Who was likelier to live a long life: the fitness nut who lifted weights and gobbled fish oil capsules while sailing on the Titanic’s maiden trip, or the couch potato who lost his boarding pass and missed the ill-fated voyage entirely?
To put the question another way: why do investors spend a Titanic amount of time tinkering with their portfolios’ asset allocations when other factors—like choosing a retirement age—are bigger determinants of financial well-being in retirement?
That’s the question that three scholars at the Center for Retirement Research at Boston College raise—and answer—in a new article transparently entitled, “How important is asset allocation to financial security in retirement?”
Working longer can overcome sub-par investment performance. That’s not to say, however, that the authors recommend working longer and ignoring asset allocation during their accumulation years.
“I would never recommend working a day longer than necessary!” said Anthony Webb, who wrote the paper with CRR director Alicia Munnell and Natalia Orlova. In an email to RIJ, he wrote, “The idea was to give a sense of the relative power of the various levers, not to suggest that some of the levers should remain unused.”

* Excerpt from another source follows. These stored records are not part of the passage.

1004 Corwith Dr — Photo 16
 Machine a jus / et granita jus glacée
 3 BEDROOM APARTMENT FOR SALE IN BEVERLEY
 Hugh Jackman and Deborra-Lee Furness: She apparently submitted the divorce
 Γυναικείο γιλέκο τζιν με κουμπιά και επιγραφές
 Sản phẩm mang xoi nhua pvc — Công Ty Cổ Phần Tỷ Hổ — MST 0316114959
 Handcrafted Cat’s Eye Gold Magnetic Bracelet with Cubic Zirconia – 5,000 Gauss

To prove their point, the authors evaluated the weight of several factors in determining whether a hypothetical person will reach his or her retirement savings goal and (based on the 4% rule) achieve an adequate retirement income.
To weigh the impact of allocation, they simulated the effect of moving from a conservative portfolio to a hypothetically ideal equity portfolio returning 6.2% a year. They compared that with the effects of other factors: the age when people started saving, the age when they decided to retire, whether or not they tapped home equity in retirement, and how fast they spent their savings.
The higher rate of return turned out to the weakest factor. For the average person, the best way to maximize financial wellbeing in retirement is to take Social Security at 67 instead of 62, the paper suggested. Achieving the 6.2% return would allow that person to retire at age 66.5—just six months earlier. In comparison, buying a reverse mortgage could reduce retirement age by 18 months and thrift during retirement could reduce it by a year.
“Given the relative unimportance of asset allocations,” the paper concluded, “financial advisers will be of greater help to their clients if they focus on a broad array of tools – including working longer, controlling spending, and taking out a reverse mortgage.”
The effect of asset allocation was weakest for less affluent households, because rate of return matters less when there are fewer assets. But the overall results were similar for people of all wealth levels and risk appetites.